Is it a car? Is it a coffin? In fact it’s both, an amazing piece of artwork that celebrates a modern Ghanaian tradition.
Paa Joe (real name Joseph Ashong)
Wood, paint, textile
Height 70cm, length 218cm
Did you know?
Paa Joe's work is held in museum collections around the world, including the British Museum. You can find out more about Paa Joe and his famous coffins here.
“As humans, death is part of our life and everyone must go in style.- Paa Joe, 2013
Here in Scotland, we associate funerals with black clothes, sombre music and plain wooden coffins.
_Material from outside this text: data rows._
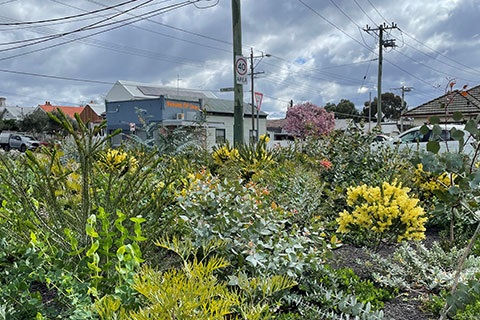 Native plants in a park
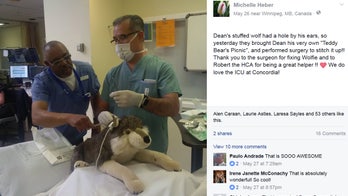 Surgeons patch up patient's beloved stuffed animal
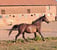 Annuncio cavallo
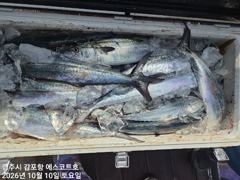 첫캐스팅에 1,2kg대물이 짜잔~~내일도 주간 대삼치및방어 야간 무늬오징어 예약중입니다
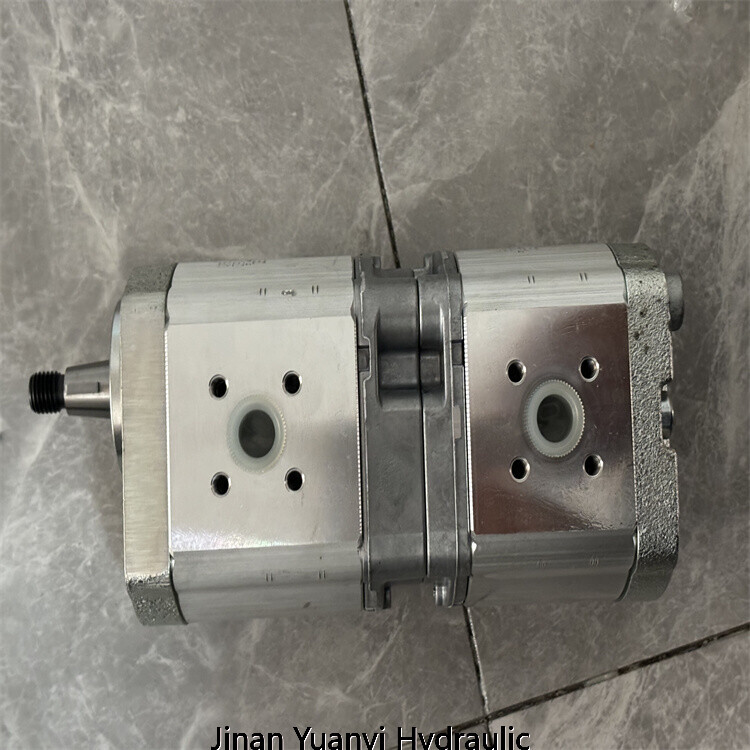 Rodillo compactador Bomag 203AD-4 05813175 Bomba hidráulica doble, 05813175 Bomba de engranajes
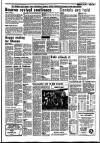Stamford Mercury Friday 08 May 1987 Page 35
But over in West Africa, on the coast of Ghana, funerals are often a much more colourful, noisy affair, a celebration of the life of the departed. In Ghana, people like to go out in style.
And what more stylish way to go than in your own custom-built coffin in the shape of a Mercedes-Benz?
This amazing object has its origins in the 1950s, when a local chief was buried in a lavish coffin shaped like a giant cocoa pod (as Ghana was the world’s biggest exporter of cocoa beans at the time) designed and built by the skilful carpenter Ata Owoo.
Since then the trade in fantasy coffins has thrived in Ata Owoo’s home town of Teshi, just outside Ghana’s capital, Accra. Here, relatives spend up to a year’s salary on elaborate, imaginative works of art that reflect the status, profession or passions of the deceased, from boats to birds, fish to flying machines, corncobs to crabs.
The ultimate symbol of prestige and wealth in Ghana, this Mercedes coffin was designed and built by Ghanaian artist Paa Joe. Carved from wood and painted white with silver, black and orange details, it comes complete with silver headlights, wing mirrors, an aerial and of course the trademark Mercedes-Benz badge.